Tout prince qu'il apparaisse enfin aux yeux de l'inconnue, Sether se trouve malheureux d'avoir été surpris par la visite de son aîné. Losod, presque à portée de sa gorge, c'est une déconvenue qui le fâche sérieusement car, bien qu'il arbore son air provocant, ils n'ont pas le loisir de s'attarder. Ce n'est, tout au plus, qu'une poignée de secondes gagnées. Il faudrait, en vérité, qu'ils soient déjà partis. Et c'est alors, ce n'est que maintenant, que Sether l'aperçoit : Azarus, que son capitaine n'avait plus vu depuis le matin, se tient contre le flanc du navire, et ça escorté d'une demi douzaine d'hommes en armes. Ensemble, ils ont relevé une série de cordages, qui rime avec l'amorce de leur prochaine échappée. Ce rivenien, merveille d'anticipation et de clairvoyance, leur fait gagner plus de temps que la fuite n'en demande. Et heureusement, tant laisser un seul sbire de Losod Hagen grimper à leur bord, c'est tous se condamner à autant de protocoles que de funestes procès : non seulement Sether n'a pas le goût des réunions de famille, mais la moitié de ses compères est recherchée, en sus, à travers deux ou trois royaumes, dont celui d'Antiva – et pour quelques forfaits allant au-delà de la piraterie.

Aussi confie-t-il l'ordre silencieux à son second de poursuivre la manœuvre tandis qu'il se rapproche encore du bastingage. « Puisque je te dis que je descends ! fait-il autant de manières qu'il est possible de l'imaginer. Laisse-moi passer mes médailles et mes bracelets ! J'vais quand même pas me prosterner dans mes habits de clodo ! » Il s'éloigne d'un même élan, et attrape vaguement la remarque qu'on lui lance : « Longue vie à la famille royale. » Le prince antivan stoppe sa course.

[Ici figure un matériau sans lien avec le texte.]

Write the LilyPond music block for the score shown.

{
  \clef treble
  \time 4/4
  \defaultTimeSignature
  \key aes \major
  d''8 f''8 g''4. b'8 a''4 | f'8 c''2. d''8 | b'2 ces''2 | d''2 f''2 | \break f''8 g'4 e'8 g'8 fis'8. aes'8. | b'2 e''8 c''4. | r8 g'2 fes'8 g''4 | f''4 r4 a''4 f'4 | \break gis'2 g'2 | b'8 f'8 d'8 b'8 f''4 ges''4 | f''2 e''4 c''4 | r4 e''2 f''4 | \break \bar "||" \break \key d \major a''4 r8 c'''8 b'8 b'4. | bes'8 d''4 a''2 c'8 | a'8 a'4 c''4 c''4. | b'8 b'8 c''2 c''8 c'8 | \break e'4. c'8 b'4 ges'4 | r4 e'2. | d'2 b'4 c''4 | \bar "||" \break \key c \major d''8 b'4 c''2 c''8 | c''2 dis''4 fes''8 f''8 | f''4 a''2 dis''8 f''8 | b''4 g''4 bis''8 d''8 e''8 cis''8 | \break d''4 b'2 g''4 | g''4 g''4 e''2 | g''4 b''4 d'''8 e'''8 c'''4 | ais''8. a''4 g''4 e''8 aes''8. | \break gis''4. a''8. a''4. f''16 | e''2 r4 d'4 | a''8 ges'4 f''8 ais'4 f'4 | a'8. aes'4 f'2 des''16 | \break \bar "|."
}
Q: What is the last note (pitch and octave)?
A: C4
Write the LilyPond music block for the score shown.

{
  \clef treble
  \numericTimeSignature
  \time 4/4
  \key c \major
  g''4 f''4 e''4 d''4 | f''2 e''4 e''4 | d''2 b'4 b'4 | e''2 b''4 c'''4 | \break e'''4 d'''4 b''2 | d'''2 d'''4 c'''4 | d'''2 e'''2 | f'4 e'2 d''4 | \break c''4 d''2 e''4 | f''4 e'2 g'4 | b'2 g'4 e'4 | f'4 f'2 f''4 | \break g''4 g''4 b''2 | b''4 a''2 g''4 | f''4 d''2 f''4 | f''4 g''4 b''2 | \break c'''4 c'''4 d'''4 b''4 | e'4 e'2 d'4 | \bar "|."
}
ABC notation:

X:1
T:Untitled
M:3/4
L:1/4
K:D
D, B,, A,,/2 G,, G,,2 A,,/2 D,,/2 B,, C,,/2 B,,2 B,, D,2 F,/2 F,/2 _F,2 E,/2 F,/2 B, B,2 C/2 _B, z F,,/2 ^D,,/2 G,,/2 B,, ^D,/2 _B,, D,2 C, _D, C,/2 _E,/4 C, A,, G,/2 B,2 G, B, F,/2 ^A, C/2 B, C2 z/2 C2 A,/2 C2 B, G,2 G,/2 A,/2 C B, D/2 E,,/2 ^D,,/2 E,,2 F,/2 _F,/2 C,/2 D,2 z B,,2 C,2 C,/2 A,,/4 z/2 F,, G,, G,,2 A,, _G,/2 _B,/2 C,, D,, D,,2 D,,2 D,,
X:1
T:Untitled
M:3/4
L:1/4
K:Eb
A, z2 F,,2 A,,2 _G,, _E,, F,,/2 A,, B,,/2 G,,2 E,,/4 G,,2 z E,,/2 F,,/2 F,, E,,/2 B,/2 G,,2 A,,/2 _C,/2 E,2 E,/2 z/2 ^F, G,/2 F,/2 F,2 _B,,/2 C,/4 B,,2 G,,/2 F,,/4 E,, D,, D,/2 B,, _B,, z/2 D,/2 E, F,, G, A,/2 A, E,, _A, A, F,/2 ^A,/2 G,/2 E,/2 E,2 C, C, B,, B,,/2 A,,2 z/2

Il fronce les sourcils en se fendant d'un sourire aigre : « Déconnez pas – vous allez me porter la poisse. » Après quoi il s'éloigne, fait rassembler l'essentiel de son équipage, qui barricade presque aussitôt l'accès au pont. Obtenir le temps nécessaire au lancement du navire. Une fois parfaitement éloignés du port, ils auront tout le temps de prendre en vitesse et de mettre le plus de lieues possibles entre Losod et son cadet. « Repoussez-les, gueule alors ce dernier à l'attroupement. Mais ne les abîmez pas, surtout, il trouverait le moyen de retenir ça sur ma part de l'héritage ! »

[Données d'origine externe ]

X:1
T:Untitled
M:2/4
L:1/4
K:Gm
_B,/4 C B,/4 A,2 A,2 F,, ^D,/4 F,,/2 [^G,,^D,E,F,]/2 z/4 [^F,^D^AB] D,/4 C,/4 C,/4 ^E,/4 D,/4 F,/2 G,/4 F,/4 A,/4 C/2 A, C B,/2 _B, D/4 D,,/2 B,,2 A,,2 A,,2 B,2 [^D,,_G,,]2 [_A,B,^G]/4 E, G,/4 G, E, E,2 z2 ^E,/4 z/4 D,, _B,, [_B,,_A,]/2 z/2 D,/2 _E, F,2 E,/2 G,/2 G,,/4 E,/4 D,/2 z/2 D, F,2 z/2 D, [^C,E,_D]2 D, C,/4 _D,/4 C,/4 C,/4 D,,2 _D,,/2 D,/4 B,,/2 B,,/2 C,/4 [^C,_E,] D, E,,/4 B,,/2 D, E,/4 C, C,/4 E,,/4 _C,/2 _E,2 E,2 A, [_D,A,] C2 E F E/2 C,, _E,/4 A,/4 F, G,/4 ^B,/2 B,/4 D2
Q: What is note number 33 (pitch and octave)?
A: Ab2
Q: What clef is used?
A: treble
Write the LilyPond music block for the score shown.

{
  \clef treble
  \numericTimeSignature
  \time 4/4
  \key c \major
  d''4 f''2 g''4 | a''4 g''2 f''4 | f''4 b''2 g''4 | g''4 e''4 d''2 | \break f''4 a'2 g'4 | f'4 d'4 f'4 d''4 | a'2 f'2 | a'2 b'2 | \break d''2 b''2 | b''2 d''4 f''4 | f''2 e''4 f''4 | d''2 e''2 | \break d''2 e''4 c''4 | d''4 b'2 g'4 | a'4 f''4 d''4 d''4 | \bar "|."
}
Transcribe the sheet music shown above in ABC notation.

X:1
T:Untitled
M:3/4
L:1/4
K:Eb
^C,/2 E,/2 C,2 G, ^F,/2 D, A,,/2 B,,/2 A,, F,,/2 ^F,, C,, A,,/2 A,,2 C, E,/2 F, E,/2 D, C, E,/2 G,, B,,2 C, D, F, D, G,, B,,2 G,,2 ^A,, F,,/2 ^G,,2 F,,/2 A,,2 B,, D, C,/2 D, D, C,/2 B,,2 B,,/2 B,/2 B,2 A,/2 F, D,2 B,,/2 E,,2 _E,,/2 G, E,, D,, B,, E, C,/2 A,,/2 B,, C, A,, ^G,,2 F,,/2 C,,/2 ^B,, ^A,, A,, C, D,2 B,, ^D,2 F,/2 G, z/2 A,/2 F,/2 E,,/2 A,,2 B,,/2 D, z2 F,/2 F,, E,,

Sether n'expire de soulagement qu'une fois certain qu'ils ne seront pas rattrapés. Il s'en assure d'oeillades répétées en direction de la ville, qui se réduit au fur et à mesure. De toute façon, la flotte royale d'Antiva ne gagnerait jamais leur élan, toutes performances mises bout à bout. « Et moi qui pensais que vous n’étiez qu’un homme… Sether. » Lui qui a presque oublié qu'elle était à son bord relève lentement les yeux. « Finalement, dit-il, je suis un homme avec un titre aussi inutile que l'est une épée à une femme. » Moquerie pour moquerie, il lui rend tout ce qu'elle lui cède. Mais, désormais, son timbre est emprunt d'une familiarité plus plaisante. Il ne la méprise pas. Il... plaisante, très probablement. Alors il est tout disposé à lui présenter le spectacle de son frère, qui s'époumone depuis le quai, qu'ils voient disparaître lentement. « Alors quoi, il va juste… attendre que vous daigniez revenir ? » « Et envoyer les espions les plus minables de tout Thédas. Pour retracer un itinéraire de mes allers et venues, afin de déterminer un endroit où me tendre une embuscade. » Il a les bras croisés, et il bascule le visage vers Drathir. « Ne riez pas, il l'a déjà fait... Des fois que je manquerais le thé annuel de la famille Hagen. » C'est là qu'il lui tend la main, comme le font certainement les hommes qui s'accordent à pouvoir traiter ensemble. « Sether. » Il accepte aussitôt de lui donner toute son attention. Ça l'intéresse, naturellement, les raisons pour lesquelles elle se rend à Rivein. Mais il ne poserait jamais la question. On n'interroge pas un Corbeau. Alors il se contente de minauder : « Dans la bataille, on n'a pas fini de négocier le prix de la traversée... »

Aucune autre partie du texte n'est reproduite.